Just a couple of things to check, although I'm not sure they will make
any difference:

Make sure the Replay button at the back of the LV-ROM player is switched
off.
Also try adjusting the horizontal shift by twiddling the H-SHIFT control
at the back
next to the SCART socket.
If you are using a SCART connector between the LV-ROM and monitor,
check that all the pins are connected straight through and the lead is in
good working order.
You might also trying playing a laserdisc on a normal TV with SCART just to
make sure it's not the LV-ROM which doesn't like the monitor.
With the volume turned up on the monitor, do you get the Domesday
music (or any sound from another laserdisc) when the disc starts playing?

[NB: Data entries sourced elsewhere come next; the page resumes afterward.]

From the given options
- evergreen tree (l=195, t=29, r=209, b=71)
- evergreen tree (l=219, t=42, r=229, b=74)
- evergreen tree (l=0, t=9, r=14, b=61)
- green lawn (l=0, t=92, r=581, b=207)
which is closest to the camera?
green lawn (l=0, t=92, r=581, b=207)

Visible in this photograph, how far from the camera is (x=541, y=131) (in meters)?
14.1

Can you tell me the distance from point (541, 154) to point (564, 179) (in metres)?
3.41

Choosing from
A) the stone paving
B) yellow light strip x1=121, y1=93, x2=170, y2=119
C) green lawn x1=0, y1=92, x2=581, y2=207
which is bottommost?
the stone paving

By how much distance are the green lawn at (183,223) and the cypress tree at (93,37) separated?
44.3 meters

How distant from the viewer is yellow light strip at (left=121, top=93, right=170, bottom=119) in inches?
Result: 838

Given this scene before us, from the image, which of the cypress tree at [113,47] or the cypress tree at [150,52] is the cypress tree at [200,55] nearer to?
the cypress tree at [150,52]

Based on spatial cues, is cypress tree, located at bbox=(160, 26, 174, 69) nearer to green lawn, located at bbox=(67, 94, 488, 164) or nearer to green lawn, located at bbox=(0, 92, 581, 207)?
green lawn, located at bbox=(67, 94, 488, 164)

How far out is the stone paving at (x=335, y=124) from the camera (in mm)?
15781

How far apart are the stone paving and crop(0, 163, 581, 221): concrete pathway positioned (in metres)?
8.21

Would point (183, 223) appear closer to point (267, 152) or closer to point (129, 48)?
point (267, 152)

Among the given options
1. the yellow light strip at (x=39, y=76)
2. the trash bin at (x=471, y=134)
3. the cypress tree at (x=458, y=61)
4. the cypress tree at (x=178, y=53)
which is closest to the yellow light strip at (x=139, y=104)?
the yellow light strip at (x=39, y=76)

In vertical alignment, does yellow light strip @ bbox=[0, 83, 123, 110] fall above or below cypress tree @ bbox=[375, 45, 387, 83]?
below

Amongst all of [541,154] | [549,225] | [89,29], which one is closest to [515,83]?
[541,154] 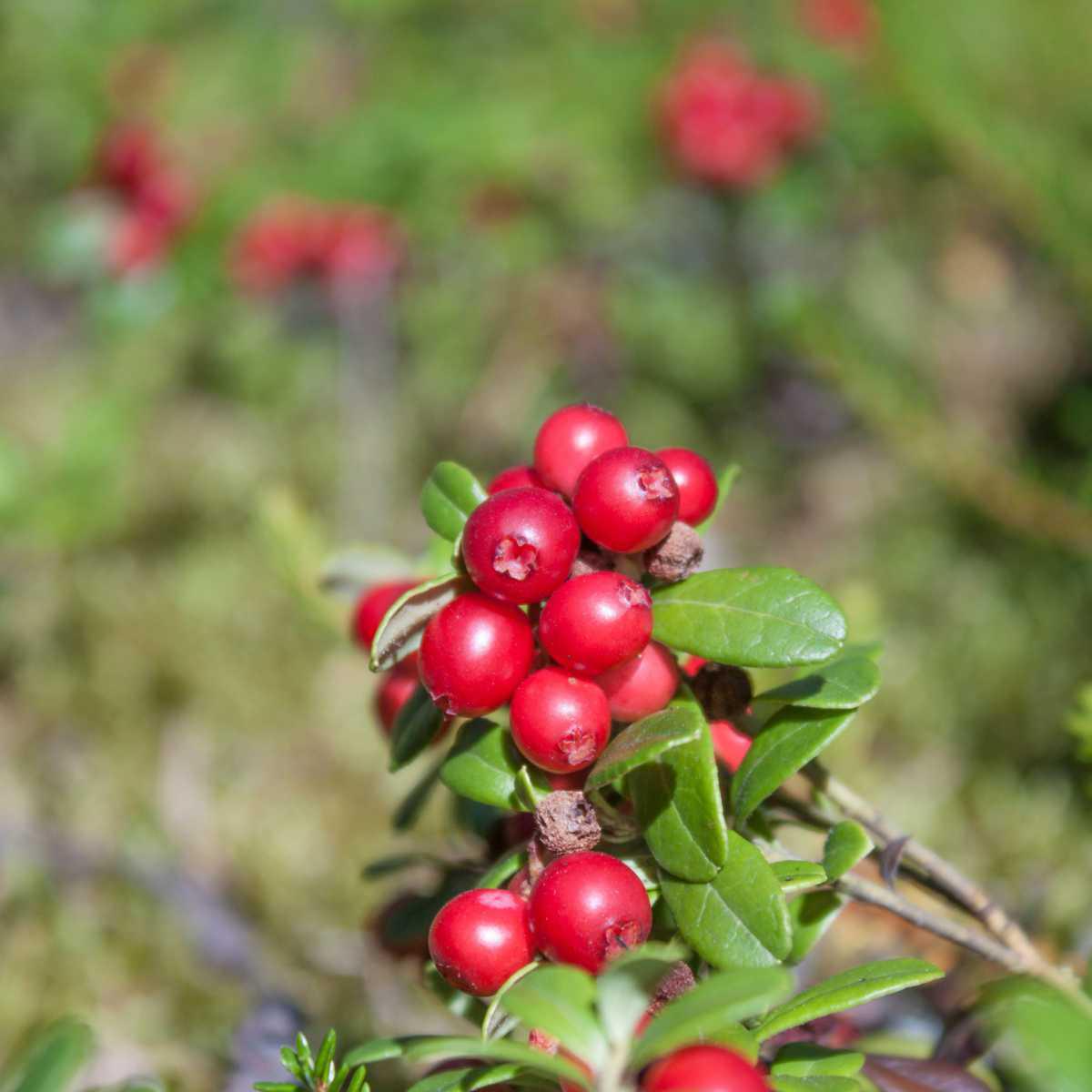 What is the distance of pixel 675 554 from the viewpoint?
69 cm

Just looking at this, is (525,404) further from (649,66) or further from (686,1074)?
(686,1074)

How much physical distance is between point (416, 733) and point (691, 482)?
24cm

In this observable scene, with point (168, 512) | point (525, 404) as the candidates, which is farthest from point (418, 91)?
point (168, 512)

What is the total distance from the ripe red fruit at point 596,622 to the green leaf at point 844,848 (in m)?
0.17

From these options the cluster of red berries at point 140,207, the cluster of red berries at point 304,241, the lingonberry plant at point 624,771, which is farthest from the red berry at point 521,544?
the cluster of red berries at point 304,241

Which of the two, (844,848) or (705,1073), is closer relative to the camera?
(705,1073)

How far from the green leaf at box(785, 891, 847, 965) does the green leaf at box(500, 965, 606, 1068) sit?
225 millimetres

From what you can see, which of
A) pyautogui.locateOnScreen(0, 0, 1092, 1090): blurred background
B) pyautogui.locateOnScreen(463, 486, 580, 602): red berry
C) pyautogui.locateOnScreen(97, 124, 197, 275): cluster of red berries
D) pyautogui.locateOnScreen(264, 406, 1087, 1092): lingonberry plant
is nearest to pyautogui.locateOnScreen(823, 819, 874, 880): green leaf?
pyautogui.locateOnScreen(264, 406, 1087, 1092): lingonberry plant

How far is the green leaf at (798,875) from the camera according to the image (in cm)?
63

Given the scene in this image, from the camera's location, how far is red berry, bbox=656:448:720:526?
72cm

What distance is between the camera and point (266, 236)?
259 cm

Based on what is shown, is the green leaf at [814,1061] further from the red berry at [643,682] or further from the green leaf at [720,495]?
the green leaf at [720,495]

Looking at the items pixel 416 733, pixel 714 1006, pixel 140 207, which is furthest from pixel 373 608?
pixel 140 207

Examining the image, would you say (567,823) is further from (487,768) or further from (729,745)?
(729,745)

Looks like a good setup, hope you can get it working!

Best wishes,



Ian

----- Original Message -----
From: Adam Sampson [mailto:ats@...]
To: bbc-micro@...
Sent: Sun, 28 Sep 2008 13:16:39 +0100
Subject: Re: [BBC-Micro] Domesday video problems

"Mark Haysman" <jumbos.bazzar@...> writes:

> I'm not familiar with that particular player, but it's not been set to
> NTSC has it? (If it has an NTSC option?)

I'd wondered that, but no, it's a PAL-only player. The fact that there
are patches of correct colour suggests that the colour decoder is
basically working, since Laserdiscs carry (FM-encoded) composite video,
and the monitor's connected to the decoded RGB output from the player.
I need to have a look at the undecoded composite output, though...

> I presume the Beeb loads a program from the LV rom that corresponds to
> the images on the disc?

Yup. Looking at the service manual I've just been sent (thanks again!),
the data track is stored similarly to how digital audio is on later
Laserdiscs -- i.e. like Red Book CD audio. The player uses a chipset
designed for CD players that uses a PLL to recover a bit clock from the
data stream, so it can handle small variations in disc speed, but it
should complain if it drifts too far away.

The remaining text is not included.